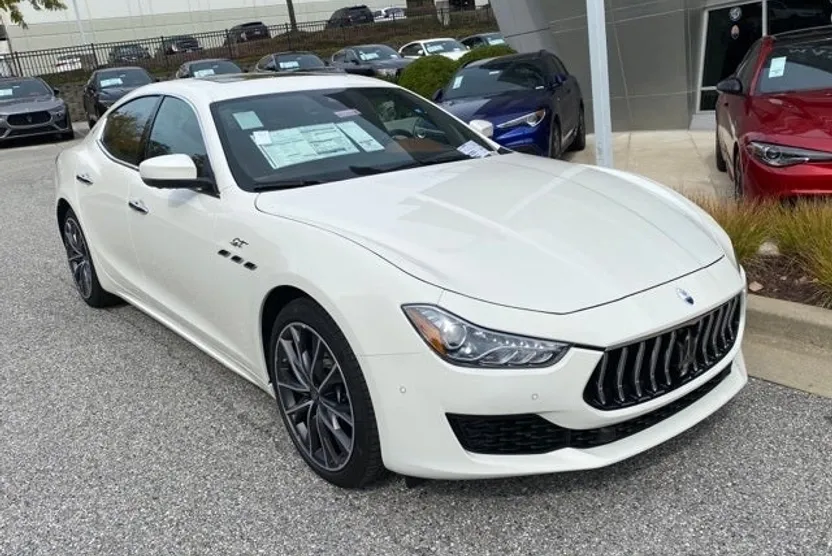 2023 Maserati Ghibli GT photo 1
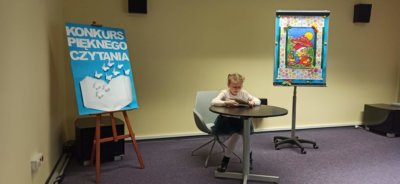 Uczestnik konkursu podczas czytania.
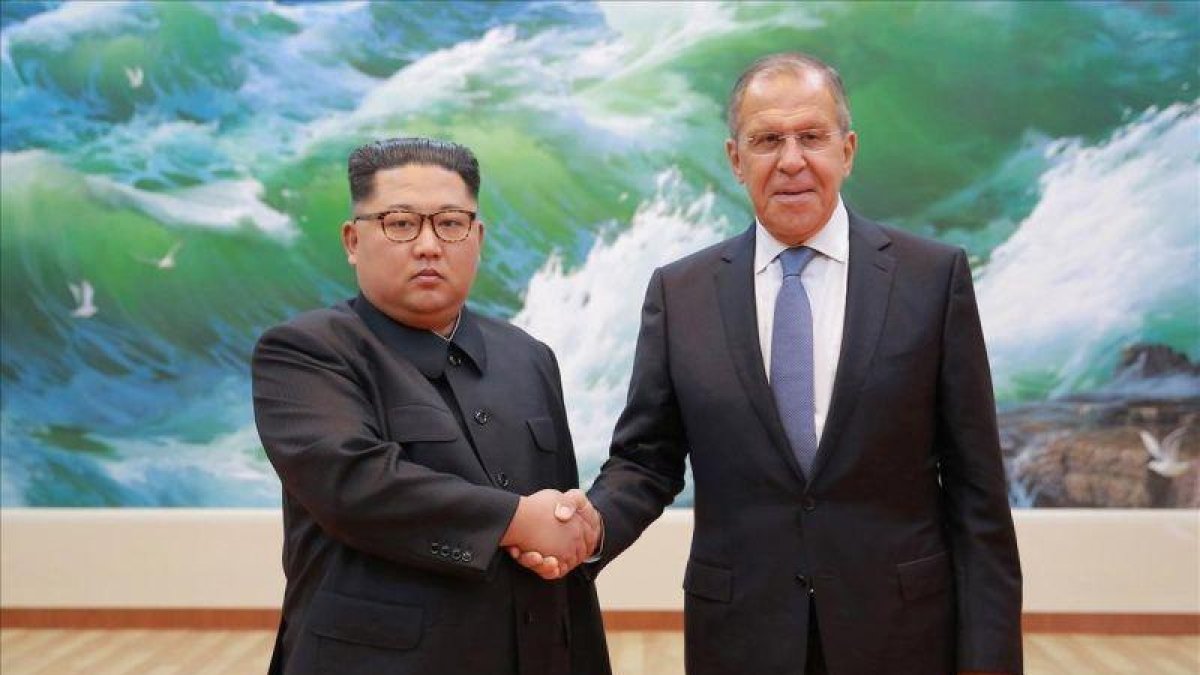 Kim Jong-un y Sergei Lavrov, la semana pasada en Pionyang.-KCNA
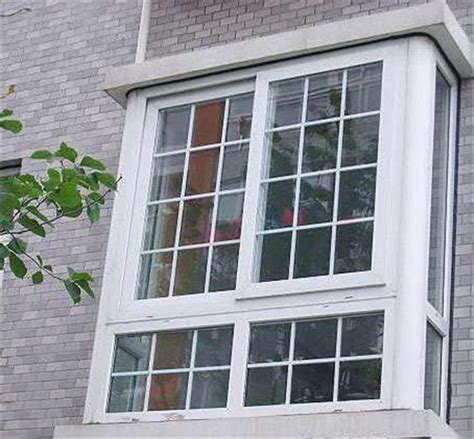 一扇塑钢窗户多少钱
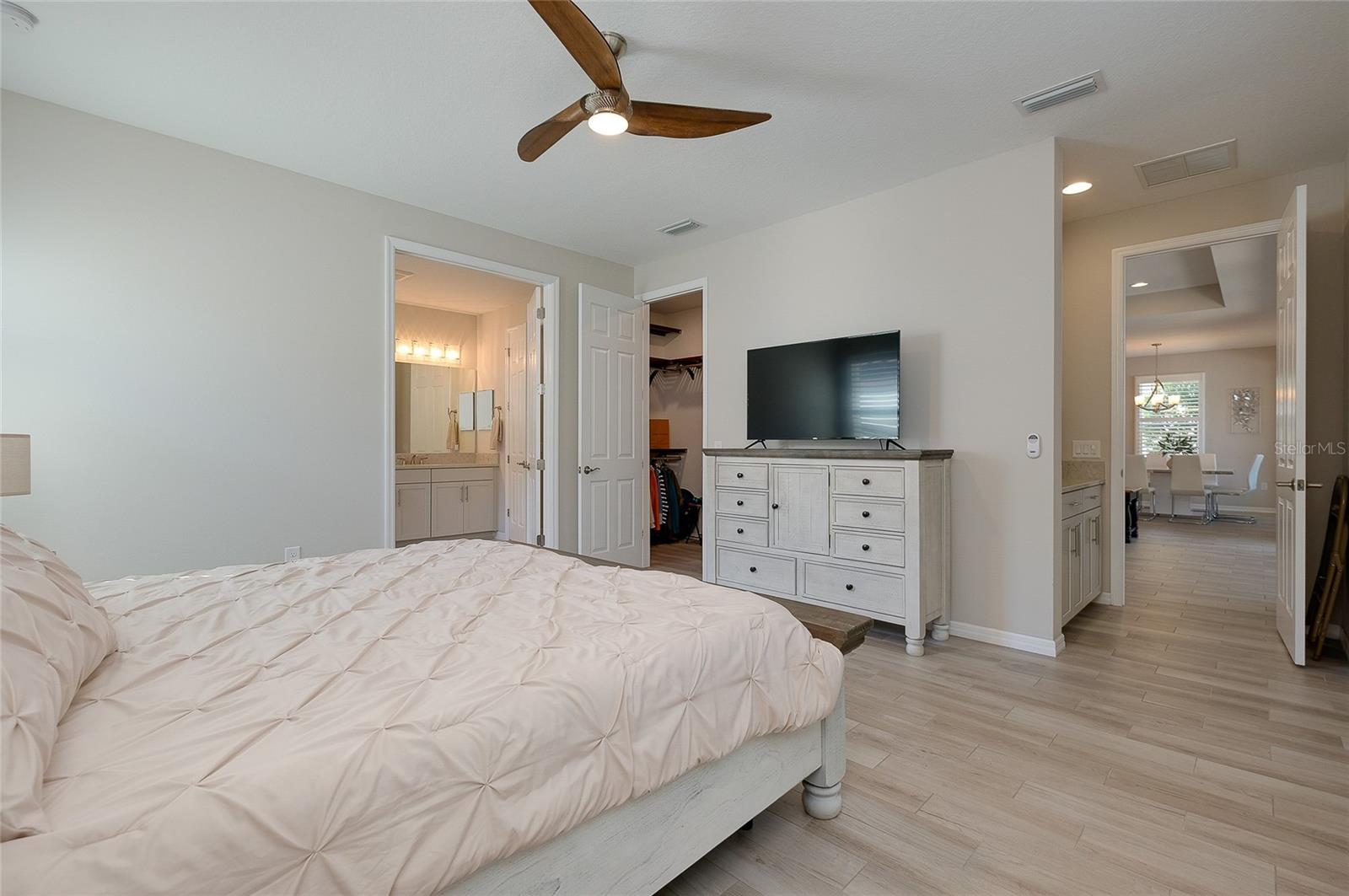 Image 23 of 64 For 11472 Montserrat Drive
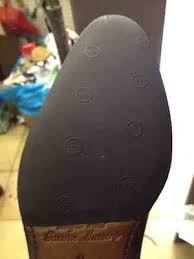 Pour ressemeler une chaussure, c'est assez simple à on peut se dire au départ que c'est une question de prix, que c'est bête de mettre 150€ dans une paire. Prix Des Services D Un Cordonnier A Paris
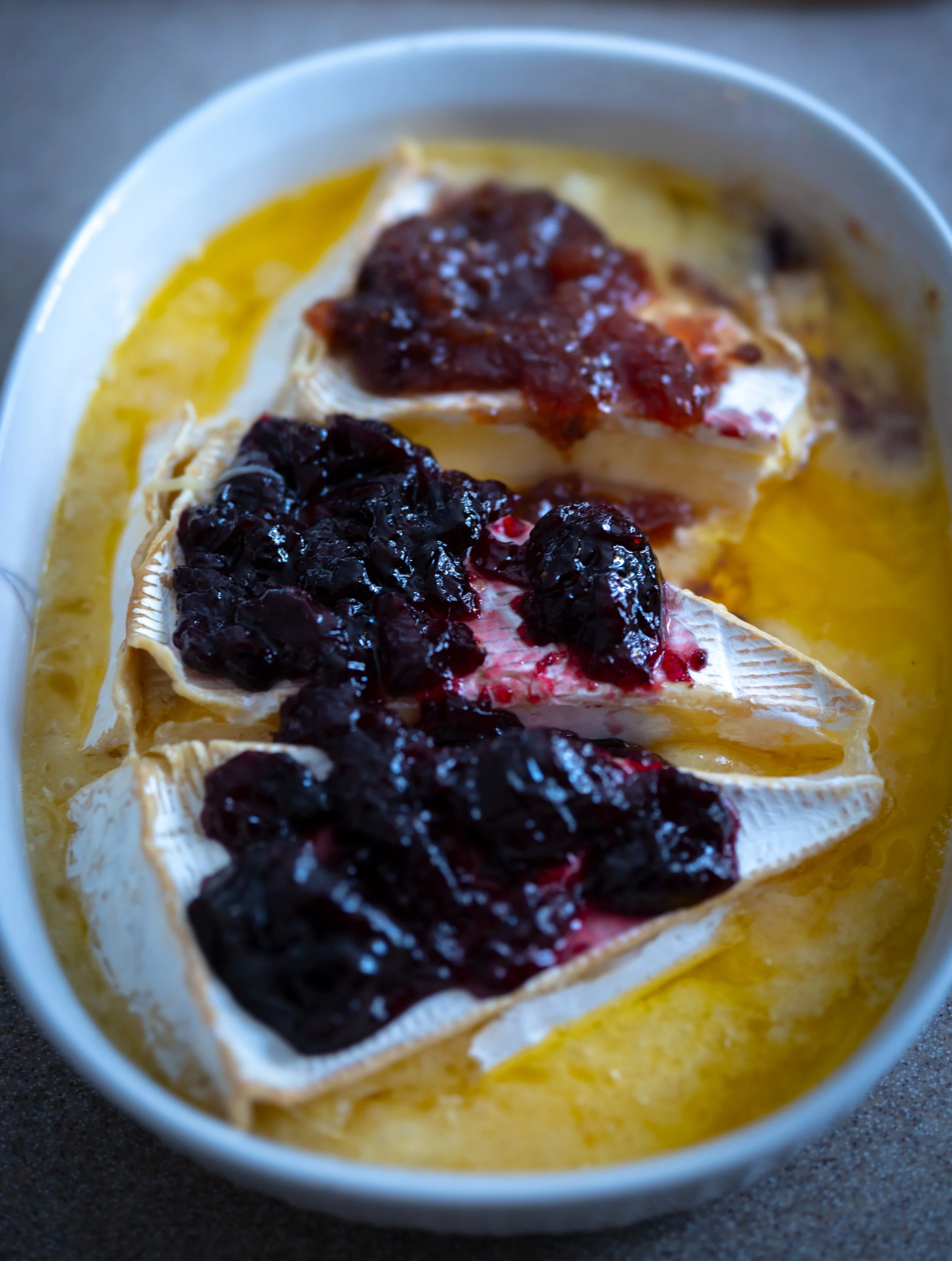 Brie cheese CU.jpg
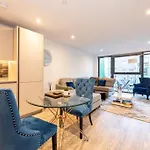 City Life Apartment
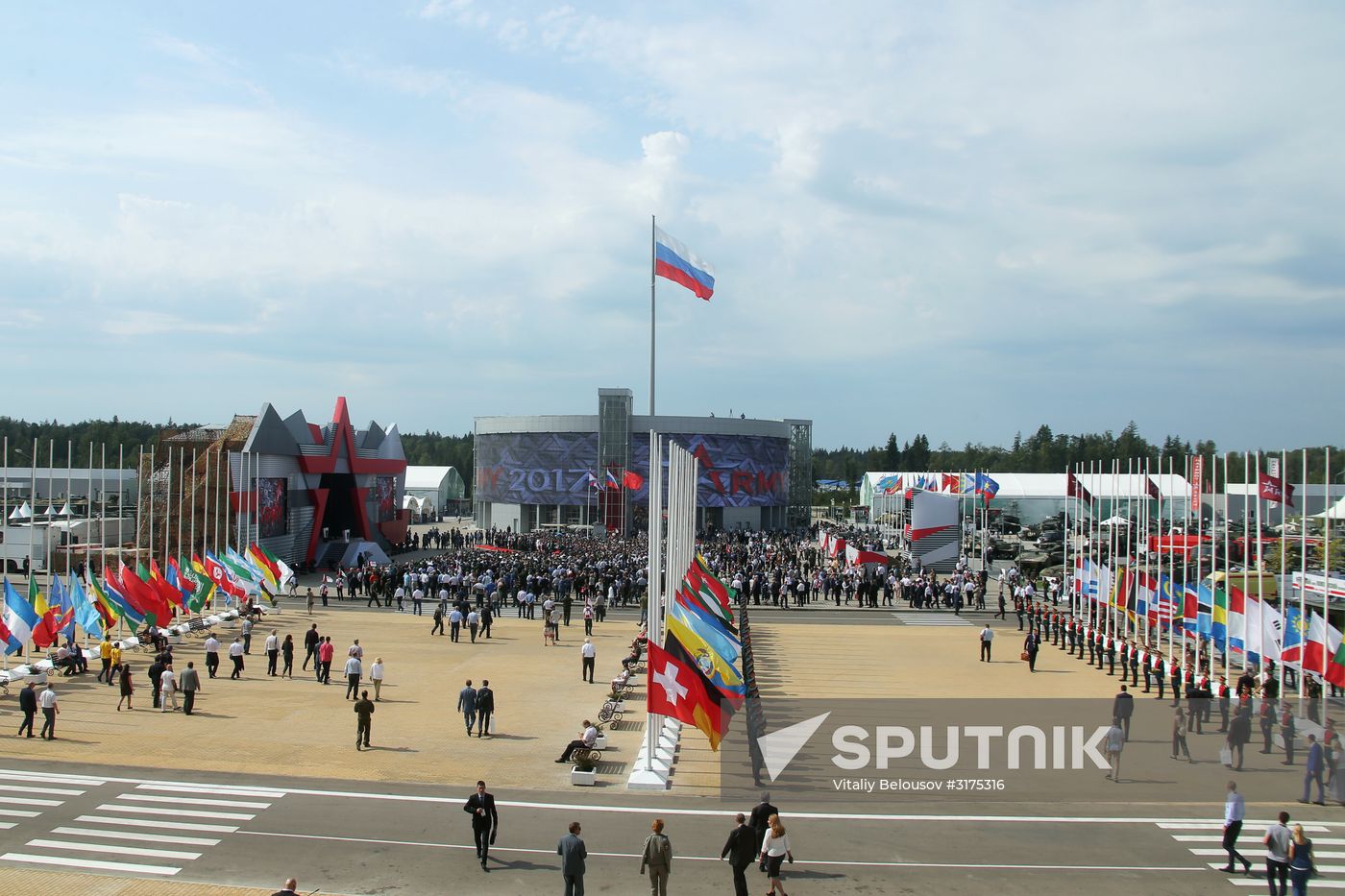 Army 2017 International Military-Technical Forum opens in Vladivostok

= = = = =

-- Activity --
Lines from the one that contains "Brie cheese CU.jpg" through the last line of the data above are to be extracted exactly, with no pictures and no other lines.

-- Response for this exercise --
 Brie cheese CU.jpg
 City Life Apartment
 Army 2017 International Military-Technical Forum opens in Vladivostok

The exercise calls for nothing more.